I guess I should have been a little clearer. What I'm saying is that I really enjoy both avant-garde and popular music, but I get very different types of enjoyment out of the two, and I don't know how to compare those different forms of enjoyment. To try and put it in totally non-musical terms, I love Marcel Duchamp's "Fountain." it is probably one of the most important artworks of the 20th century and it was huge in the deconstruction of traditional notions of art. I don't really want to look at it all day though, I don't get a ton of joy from looking at it, it is just a urinal. On the other hand, I could sit in front of a Rothko painting and look at it all day. His pieces have a lot of great emotion to them. Therefore the joy I get from these two pieces is super different, and so while I love them both, I really have no way to compare them.
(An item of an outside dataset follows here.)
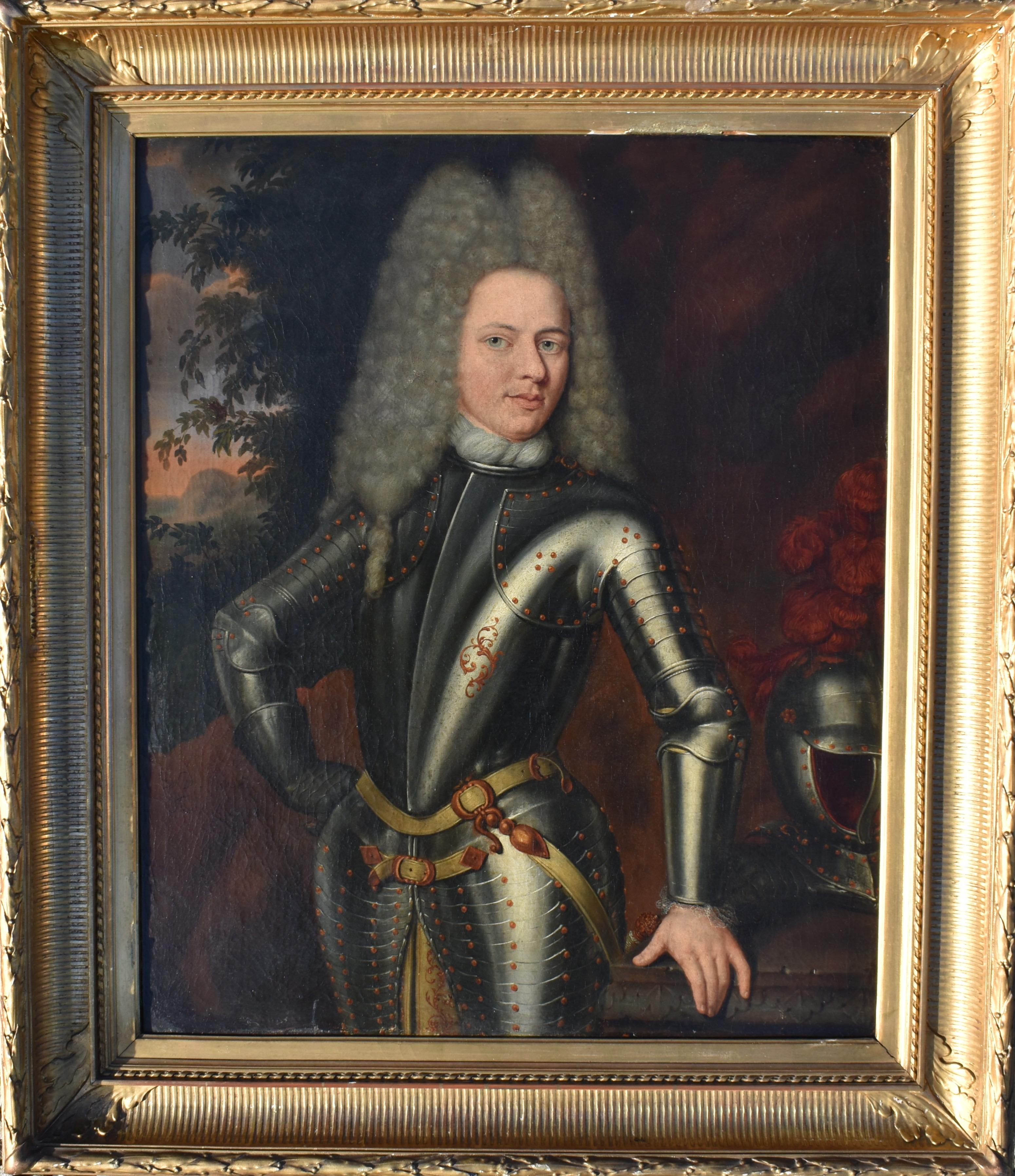 Willem van Kessel (c.1691–1727) – Portrait of Bewigged Gentleman in Armour, 1713 For Sale 1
Maybe you already answered that too by saying "how good it sounds to me." but in saying that do you mean that you never rank anything based on the quality of conceptual notions behind a piece of music, and you only analyze the sound? Only evaluating based on sound works fine for some music, but it can be very reductive and unfair at times. It would be like me evaluating art only on how much I want to look at it, which would be a great disservice to Duchamp. Back to the topic at hand of experimental music, I think this area is where we most have to look at conceptual qualities as well as sonic ones. Some artists aren't trying to make music that necessarily sounds good, but rather challenges our notions of music, and does something never done before. I think we can appreciate that work even if it isn't conventionally pleasant listening.